A question related to the problem of personal identity is Benj Hellie's vertiginous question. The vertiginous question asks why, of all the subjects of experience out there, this one—the one corresponding to the human being referred to as Benj Hellie—is the one whose experiences are live? (The reader is supposed to substitute their own case for Hellie's.)[34] Hellie's argument is closely related to Caspar Hare's theories of egocentric presentism and perspectival realism, of which several other philosophers have written reviews.[35] Similar questions are also asked repeatedly by J. J. Valberg in justifying his horizonal view of the self.[36] Tim S. Roberts refers to the question of why a particular organism out of all the organisms that happen to exist happens to be you as the "Even Harder Problem of Consciousness".[37]
The philosophical issues with personal identity have been extensively discussed by Thomas Nagel in his book The View from Nowhere. It contrasts passive and active points of view in how humanity interacts with the world, relying either on a subjective perspective that reflects a point of view or an objective perspective that takes a more detached perspective.[38] Nagel describes the objective perspective as the "view from nowhere", one where the only valuable ideas are ones derived independently.[39]

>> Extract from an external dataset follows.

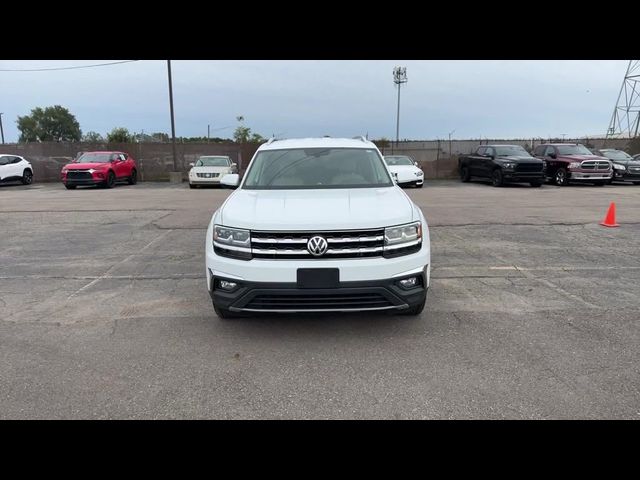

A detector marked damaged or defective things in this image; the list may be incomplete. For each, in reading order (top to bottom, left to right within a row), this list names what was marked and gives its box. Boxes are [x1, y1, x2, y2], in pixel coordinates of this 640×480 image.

Open individualism is a view in the philosophy of self, according to which there exists only one numerically identical subject, who is everyone at all times, in the past, present and future.[40]: 617 It is a theoretical solution to the question of personal identity, being contrasted with "Empty individualism", the view that personal identities correspond to a fixed pattern that instantaneously disappears with the passage of time, and "Closed individualism", the common view that personal identities are particular to subjects and yet survive over time.[40]: xxii
Open individualism is related to the concept of anattā in Buddhist philosophy. In Buddhism, the term anattā (Pali: 𑀅𑀦𑀢𑁆𑀢𑀸) or anātman (Sanskrit: अनात्मन्) is the doctrine of "non-self" – that no unchanging, permanent self or essence can be found in any phenomenon. While often interpreted as a doctrine denying the existence of a self, anatman is more accurately described as a strategy to attain non-attachment by recognizing everything as impermanent, while staying silent on the ultimate existence of an unchanging essence.[41][42] In contrast, dominant schools of Hinduism assert the existence of Ātman as pure awareness or witness-consciousness,[43][44][45] "reify[ing] consciousness as an eternal self."[46]

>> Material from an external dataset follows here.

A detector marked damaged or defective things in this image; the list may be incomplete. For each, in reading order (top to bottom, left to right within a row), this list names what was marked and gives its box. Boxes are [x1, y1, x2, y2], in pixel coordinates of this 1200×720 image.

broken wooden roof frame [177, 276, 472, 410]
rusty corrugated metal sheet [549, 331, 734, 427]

One thought experiment in the philosophy of personal identity is the teletransportation paradox. It deals with whether the concept of one's future self is a coherent concept. The thought experiment was formulated by Derek Parfit in his 1984 book Reasons and Persons.[47] Derek Parfit and others consider a hypothetical "teletransporter", a machine that puts you to sleep, records your molecular composition, breaking you down into atoms, and relaying its recording to Mars at the speed of light. On Mars, another machine re-creates you (from local stores of carbon, hydrogen, and so on), each atom in exactly the same relative position. Parfit poses the question of whether or not the teletransporter is actually a method of travel, or if it simply kills and makes an exact replica of the user.[48] Then the teleporter is upgraded. The teletransporter on Earth is modified to not destroy the person who enters it, but instead it can simply make infinite replicas, all of whom would claim to remember entering the teletransporter on Earth in the first place. Using thought experiments such as these, Parfit argues that any criteria we attempt to use to determine sameness of person will be lacking, because there is no further fact. What matters, to Parfit, is simply "Relation R", psychological connectedness, including memory, personality, and so on.[49]
Philosophy of mathematics
editMathematical objects
editWhat are numbers, sets, groups, points, etc.? Are they real objects or are they simply relationships that necessarily exist in all structures? Although many disparate views exist regarding what a mathematical object is, the discussion may be roughly partitioned into two opposing schools of thought: platonism, which asserts that mathematical objects are real, and formalism, which asserts that mathematical objects are merely formal constructions. This dispute may be better understood when considering specific examples, such as the "continuum hypothesis". The continuum hypothesis has been proven independent of the ZF axioms of set theory, so within that system, the proposition can neither be proven true nor proven false. A formalist would therefore say that the continuum hypothesis is neither true nor false, unless you further refine the context of the question. A platonist, however, would assert that there either does or does not exist a transfinite set with a cardinality less than the continuum but greater than any countable set.[50] So, regardless of whether it has been proven unprovable, the platonist would argue that an answer nonetheless does exist.
Philosophy of science
editDemarcation problem
edit'The problem of demarcation' is an expression introduced by Karl Popper to refer to 'the problem of finding a criterion which would enable us to distinguish between the empirical sciences on the one hand, and mathematics and logic as well as "metaphysical" systems on the other'. Popper attributes this problem to Kant. Although Popper mentions mathematics and logic, other writers focus on distinguishing science from metaphysics.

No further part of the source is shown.